First, ventilation information included in the transthoracic impedance signal is confounded with a variety of extraneous signals that makes the ventilation information difficult to detect. For example, as the heart contracts during each cardiac cycle, its blood volume changes, contributing to a significant change in the transthoracic impedance signal that is unrelated to the ventilation information. The change in the transthoracic impedance signal due to blood volume changes resulting from heart contractions is referred to as cardiac "stroke volume" or "stroke" signal. Moreover, the frequencies of the heart contractions (e.g., 1-3 Hz) are extremely close to the frequency of the patient's breathing (e.g., under 1 Hz). This complicates separation of the stroke signal and the ventilation signal.
Furthermore, the frequency of the stroke and ventilation signals changes according to the patient's activity. For example, a resting patient may have a heart rate of 60 beats per minute and a ventilation rate of 10 breaths per minute. When exercising, the same patient may have a heart rate of 120 beats per minute and a ventilation rate of 60 breaths per minute. The changing frequencies of the stroke and ventilation signals further complicates the separation of these signals.

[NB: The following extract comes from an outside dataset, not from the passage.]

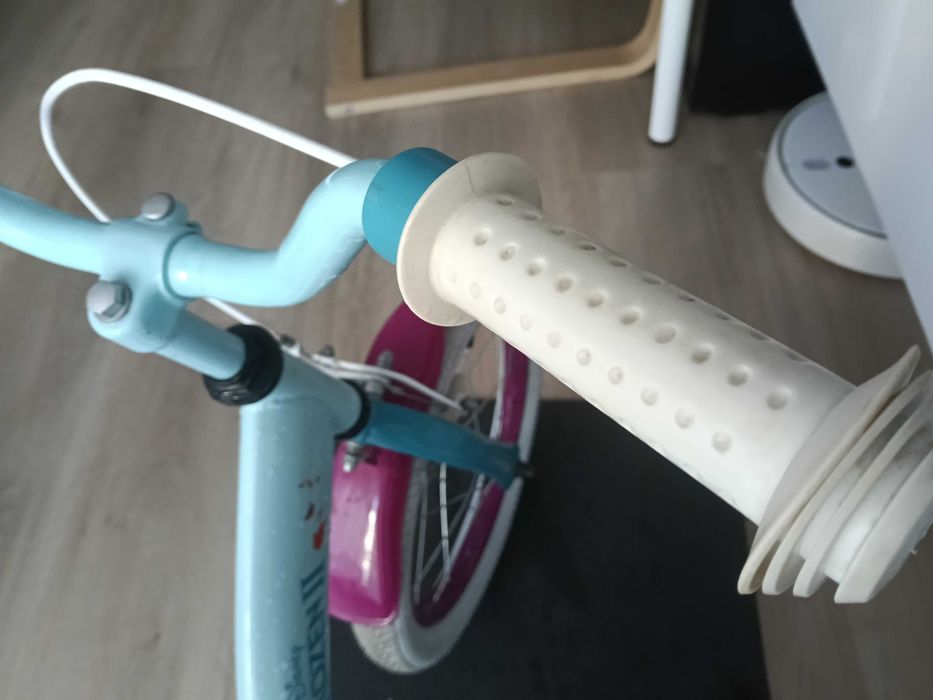 Rower Elsa Frozen Decathlon 16"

Another aspect of heart contractions also masks the ventilation signal. Heart contractions are initiated by electrical depolarizations (e.g., a QRS complex) resulting from paced or intrinsic heart activity. Such electrical heart activity signals may be detected during the measurement of transthoracic impedance. This further diminishes the accuracy of the transthoracic impedance measurement, and increases the difficulty of obtaining accurate ventilation information.
A further problem with certain other minute ventilation based cardiac rhythm management devices results from the use of a relatively high amplitude current pulse (e.g., 1 milliampere) to detect transthoracic impedance. Using high amplitude stimuli wastes power, risks capturing the heart (i.e., evoking a contraction), may trigger false detection of intrinsic heart activity by the pacemaker's sense amplifiers, and may produce a confusing or annoying artifact on electrocardiogram (ECG) traces or other diagnostic equipment.
Thus, there is a need for a cardiac rhythm management device that effectively manages the patient's heart rate based on an accurate indication of metabolic need. Such a cardiac rhythm management device must be sufficiently robust to operate in the presence of extraneous noise signals that confound the indication of metabolic need. There is a further need for such a device to operate at low power consumption, in order to maximize the usable life of the battery-powered implantable device.